_YOUR INSTRUCTIONS:_ Read the lines below. Copy out any that hold the string "Bedroom".

_EXERCISE MATERIAL:_
- Opening Delimiter -
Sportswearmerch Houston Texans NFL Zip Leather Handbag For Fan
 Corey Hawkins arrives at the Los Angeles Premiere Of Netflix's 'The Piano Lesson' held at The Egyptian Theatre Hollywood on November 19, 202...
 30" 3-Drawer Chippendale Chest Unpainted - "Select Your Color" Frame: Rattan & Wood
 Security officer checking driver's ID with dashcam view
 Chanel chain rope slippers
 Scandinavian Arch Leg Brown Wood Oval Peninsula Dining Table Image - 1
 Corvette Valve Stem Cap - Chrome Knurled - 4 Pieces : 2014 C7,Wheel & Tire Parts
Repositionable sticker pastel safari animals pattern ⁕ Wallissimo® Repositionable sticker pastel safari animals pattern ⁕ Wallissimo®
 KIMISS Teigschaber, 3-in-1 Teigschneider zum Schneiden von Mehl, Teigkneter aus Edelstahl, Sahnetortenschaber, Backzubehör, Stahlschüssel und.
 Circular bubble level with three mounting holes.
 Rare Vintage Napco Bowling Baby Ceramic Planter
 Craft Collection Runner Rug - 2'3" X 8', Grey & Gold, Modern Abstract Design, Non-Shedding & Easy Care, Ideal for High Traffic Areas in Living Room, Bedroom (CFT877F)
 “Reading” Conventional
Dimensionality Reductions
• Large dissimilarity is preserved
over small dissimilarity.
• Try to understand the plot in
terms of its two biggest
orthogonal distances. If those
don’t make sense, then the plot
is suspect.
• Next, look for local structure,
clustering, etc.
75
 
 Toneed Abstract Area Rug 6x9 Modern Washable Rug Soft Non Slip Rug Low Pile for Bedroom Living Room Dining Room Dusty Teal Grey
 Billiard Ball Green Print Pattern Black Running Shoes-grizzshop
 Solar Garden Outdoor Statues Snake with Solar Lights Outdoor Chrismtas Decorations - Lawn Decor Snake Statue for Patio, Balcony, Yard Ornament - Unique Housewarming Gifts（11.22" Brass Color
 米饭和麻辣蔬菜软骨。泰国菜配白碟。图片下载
- Closing Delimiter -
_OUTPUT FOR THIS TASK:_
 Craft Collection Runner Rug - 2'3" X 8', Grey & Gold, Modern Abstract Design, Non-Shedding & Easy Care, Ideal for High Traffic Areas in Living Room, Bedroom (CFT877F)
 Toneed Abstract Area Rug 6x9 Modern Washable Rug Soft Non Slip Rug Low Pile for Bedroom Living Room Dining Room Dusty Teal Grey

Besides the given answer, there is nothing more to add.